**PROBLEM REQUIREMENTS:** In the records below, repeat word for word only the lines starting at the one that contains "White Damask Phone" and ending at the one that contains "Gold Dinner Spoons, Kyraton", pictures excluded.

**MATERIAL TO PROCESS:**

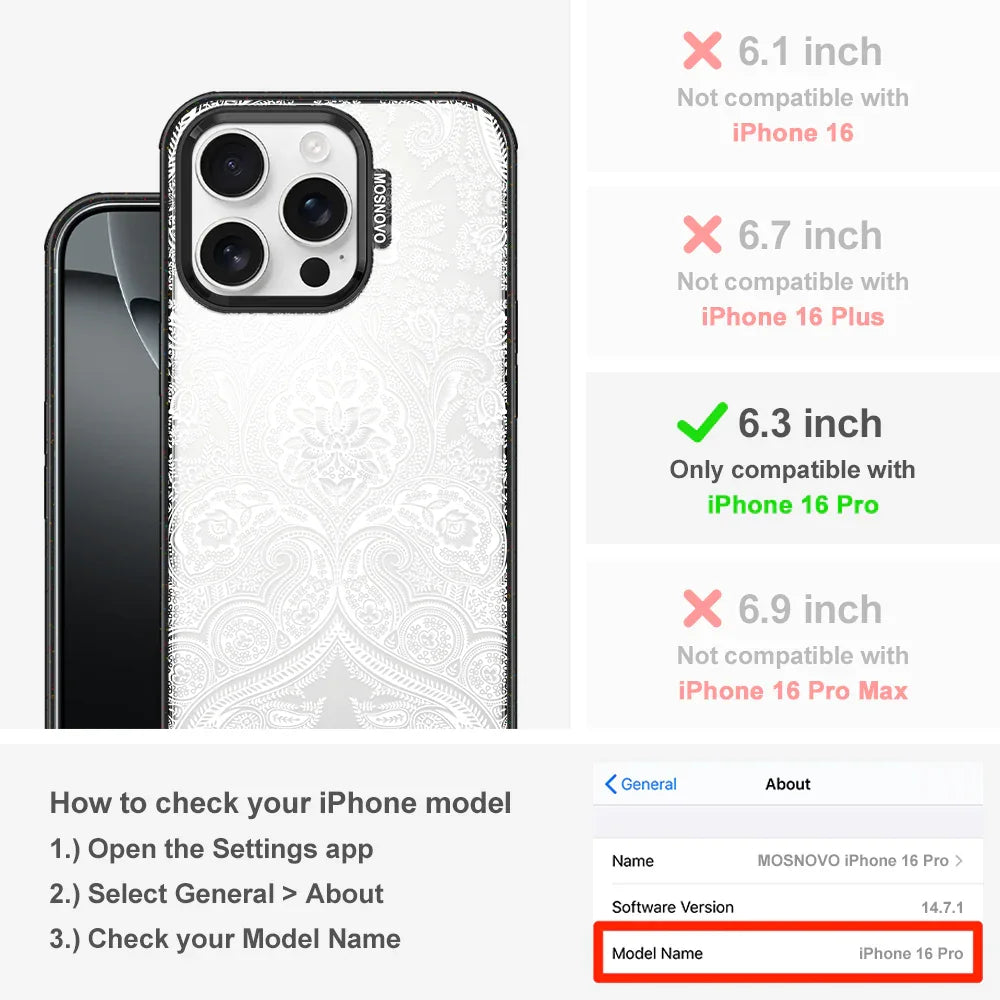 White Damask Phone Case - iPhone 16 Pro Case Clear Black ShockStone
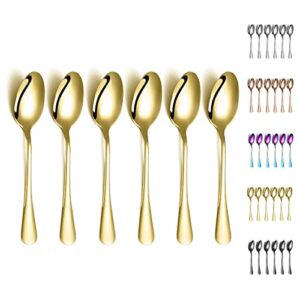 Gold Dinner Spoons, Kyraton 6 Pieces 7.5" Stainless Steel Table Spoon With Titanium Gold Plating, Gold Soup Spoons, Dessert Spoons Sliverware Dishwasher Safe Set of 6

...

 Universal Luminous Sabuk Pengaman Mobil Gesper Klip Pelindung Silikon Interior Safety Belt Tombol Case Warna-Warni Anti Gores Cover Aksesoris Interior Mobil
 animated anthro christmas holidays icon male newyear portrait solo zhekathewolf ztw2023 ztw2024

**RESULT OF THIS EXERCISE:**
 White Damask Phone Case - iPhone 16 Pro Case Clear Black ShockStone
 Gold Dinner Spoons, Kyraton 6 Pieces 7.5" Stainless Steel Table Spoon With Titanium Gold Plating, Gold Soup Spoons, Dessert Spoons Sliverware Dishwasher Safe Set of 6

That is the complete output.